--- Data for processing Enclosed Below ---

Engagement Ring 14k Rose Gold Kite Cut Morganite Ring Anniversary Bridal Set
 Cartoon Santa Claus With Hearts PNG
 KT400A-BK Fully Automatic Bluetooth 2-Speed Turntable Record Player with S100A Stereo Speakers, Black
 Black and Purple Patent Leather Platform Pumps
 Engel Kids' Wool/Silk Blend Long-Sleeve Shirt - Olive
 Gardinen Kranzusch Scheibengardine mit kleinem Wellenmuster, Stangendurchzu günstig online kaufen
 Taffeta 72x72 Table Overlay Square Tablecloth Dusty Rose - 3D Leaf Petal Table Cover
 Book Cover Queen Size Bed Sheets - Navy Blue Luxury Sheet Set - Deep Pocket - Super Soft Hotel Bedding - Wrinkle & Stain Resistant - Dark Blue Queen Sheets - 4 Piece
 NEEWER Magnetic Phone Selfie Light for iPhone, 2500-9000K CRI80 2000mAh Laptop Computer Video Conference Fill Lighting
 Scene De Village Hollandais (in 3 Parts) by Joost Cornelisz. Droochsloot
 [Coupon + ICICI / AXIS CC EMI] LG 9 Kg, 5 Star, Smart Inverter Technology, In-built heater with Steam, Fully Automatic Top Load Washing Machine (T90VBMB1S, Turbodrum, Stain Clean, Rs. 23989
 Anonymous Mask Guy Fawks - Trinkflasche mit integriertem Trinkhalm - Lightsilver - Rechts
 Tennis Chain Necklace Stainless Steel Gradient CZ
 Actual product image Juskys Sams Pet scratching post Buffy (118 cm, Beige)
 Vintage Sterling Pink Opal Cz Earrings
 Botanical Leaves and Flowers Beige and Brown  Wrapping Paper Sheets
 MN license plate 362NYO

--- End of Enclosed Data for processing ---

▶ **Problem details**: From the data, collect all lines where the string "Black" appears.

▶ **Answer to the exercise**:
 KT400A-BK Fully Automatic Bluetooth 2-Speed Turntable Record Player with S100A Stereo Speakers, Black
 Black and Purple Patent Leather Platform Pumps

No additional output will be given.